Should we apologize?
Animal lovers, says The Daily Telegraph, should stop calling their furry or feathered friends "pets," because the term is insulting, leading academics claim. "Domestic dogs, cats, hamsters or budgerigars should be rebranded as 'companion animals' while owners should be known as 'human carers,' they insist. Even terms such as wildlife are dismissed as insulting to the animals concerned -- who should instead be known as 'free-living,' the academics, including an Oxford professor, suggest. The call comes from the editors of the Journal of Animal Ethics, a new academic publication devoted to the issue." The journal condemns the use of terms such as "critters" and "beasts" because such derogatory language about animals can affect the way they are treated. It also contends that phrases such as "sly as a fox," "eat like a pig" or "drunk as a skunk" are unfair to animals.
Conjugal visits for poultry
"A New Jersey town has adopted an ordinance that regulates when chickens and roosters can hook up in backyard henhouses," Associated Press reports. "Roosters must show they're disease-free and they better not crow about their conquests. Hopewell Township residents can have up to a half-dozen hens on half-acre lots. Roosters would be allowed only 10 days a year for fertilization purposes. Mature roosters are not allowed because they are too noisy. Any roosters that crow too long can be banned from the property for two years. Mayor Jim Burd told The Times of Trenton the ordinance is a compromise between today's lifestyle and the township's agricultural history."
Giving snakes a surprise
Virtually every week, reptile expert Jeff Lemm goes looking for trouble, writes Mike Lee of The San Diego Union-Tribune. "[H] shrugs off whatever primal fears most people have of snakes and traipses through the backcountry near Escondido in search of red-diamond rattlers, southern Pacific rattlers and other slithery creatures. Along the way, he runs into any number of rats, geckos, scorpions and lizards attracted to his simple traps." Mr. Lemm is a research co-ordinator for the San Diego Zoo Institute for Conservation Research. He said he hasn't been bitten by a rattler and doesn't shy away from seeking poison snakes. "Almost always, they are a little surprised," he said. "They just sit there and don't do anything."
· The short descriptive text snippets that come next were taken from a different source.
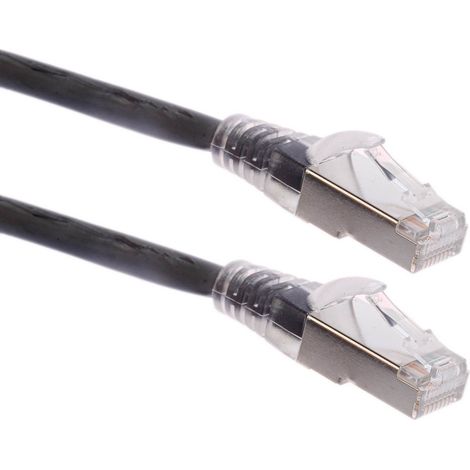 Cordon Cat6a RJ45 mâle/RJ45 mâle, S/FTP, 2m ( Prix pour 1 ) (1/2)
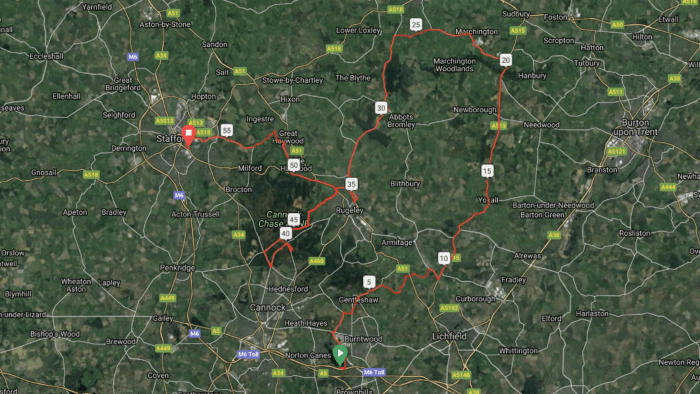 IRONMAN 70.3 Staffordshire New Course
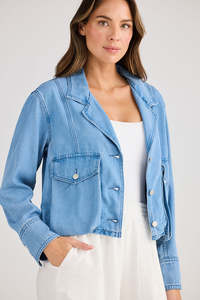 Holiday Cruise Jacket Blue Wash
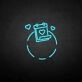 Love and calendar neon sign
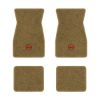 1967-1969 Chevrolet Camaro floor mats with the SS in Outline Circle logo in Essex 1054A Caramel carpet, illustration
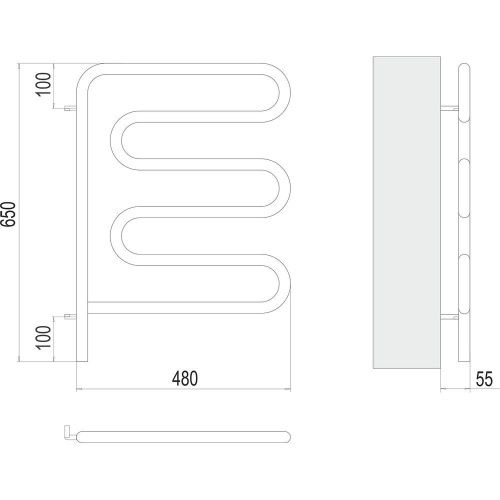Полотенцесушитель электрический Terminus 4620768883958 50х65 хром - фото 3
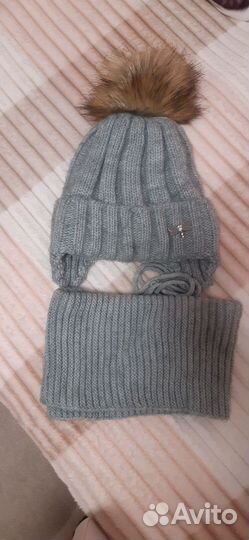 Шапка и снуд для девочки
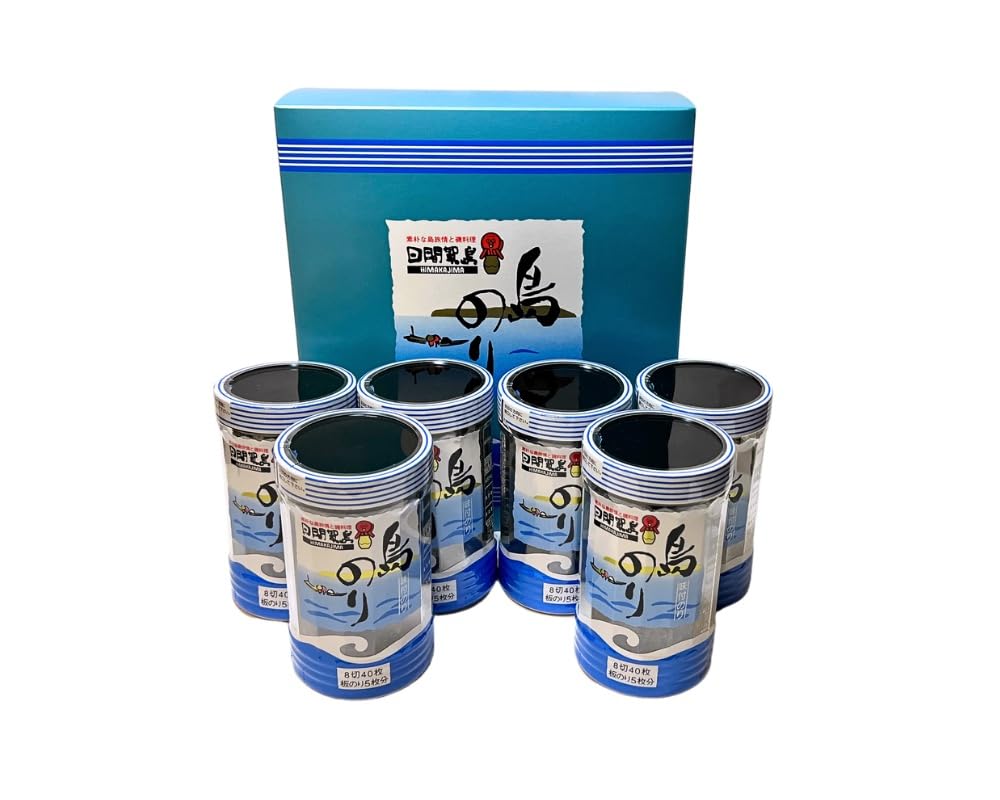 日間賀島　島のり　(味付け海苔)　6本入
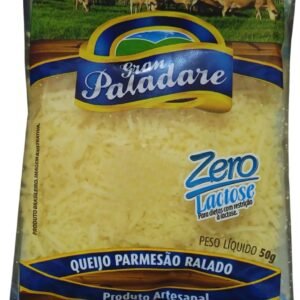Gran Paladare Queijo Parmesão Ralado Zero Lactose, Produto Artesanal, 50g
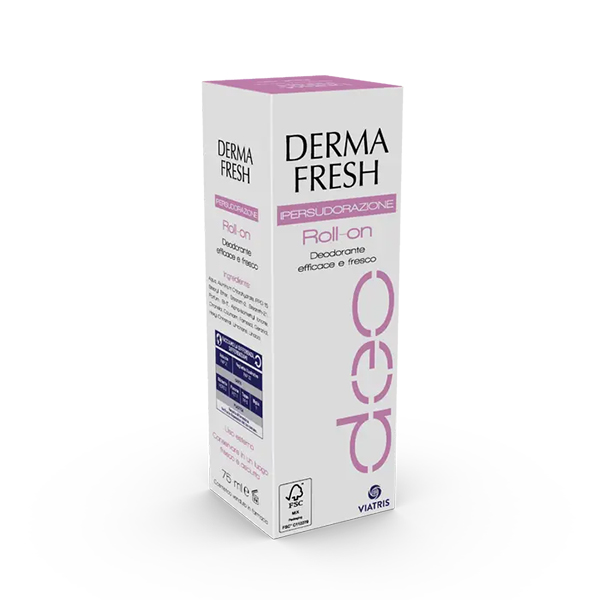 Farbene.shop | Dermafresh Ipersudorazione Roll-On 75ml Antitraspirante Efficace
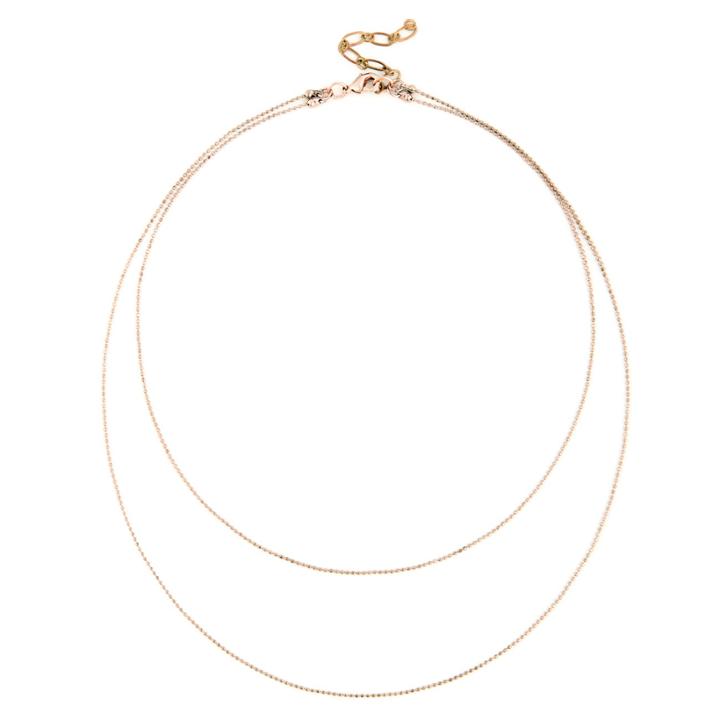 Sole Society Sole Society Layered Chain Choker - Rose Gold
"The 19th-century naturalist Charles Darwin was so eminent a scientist that some 120 species, an Australian city and a mountain in the Andes have been named in his honour, but among his other accomplishments is a modest footnote in design history for an unsung contribution to furniture design," Alice Rawsthorn writes in The New York Times. "Darwin designed the earliest known example of the wheeled chairs that millions of people now sit or slouch on in offices all over the world. He customized a wooden armchair in his family home in the English countryside during the 1840s by removing the legs and replacing them with a set of cast-iron bed legs mounted on casters. Darwin then literally rolled around his study to scrutinize specimen after specimen."
Divorce by text message
"Some marriages end in a burst of anger, others with a whimper. Marina Dodobayeva's ended with an SMS," writes Olga Tutubalina of Associated Press. "The 33-year-old mother of two was sweeping her yard one October morning when her mobile phone vibrated with a three-word text message from her husband of 14 years. ' Taloq, taloq, taloq,' it read - divorce, divorce, divorce. With those words, Ms. Dodobayeva found herself among the growing ranks of women in predominantly Muslim Tajikistan whose husbands have used mobile phones to issue the 'triple taloq,' an Islamic ritual in which men can end a marriage by reciting the word for divorce three times. ... Islam frowns upon divorce but allows it, generally when a husband announces his intention to his wife and a cleric ratifies the decision. ... Clerics from Malaysia to Qatar have struggled with the impact of new technology on such proceedings. But in few places have digital innovations muddied the waters as much as in this Central Asian nation."
"Disturbing new research finds that unintentional overdose deaths in [U.S.] teens and adults have reached epidemic proportions," reports Psych News Central. "Experts from the U.S. Centers for Disease Control and Prevention, the University of North Carolina and Duke University Medical Center report that in 2007, unintentional deaths due to prescription opioid painkillers were involved in more overdose deaths than heroin and cocaine combined. In fact, in 20 states, the number of unintentional drug poisoning deaths exceeded either motor vehicle crashes or suicides in the U.S. in 2007. The new research report seeks to give physicians information so that safeguards and interventions can be put in place to reduce the problem."
Thought du jour
"The hardest thing about any political campaign is how to win without proving that you are unworthy of winning."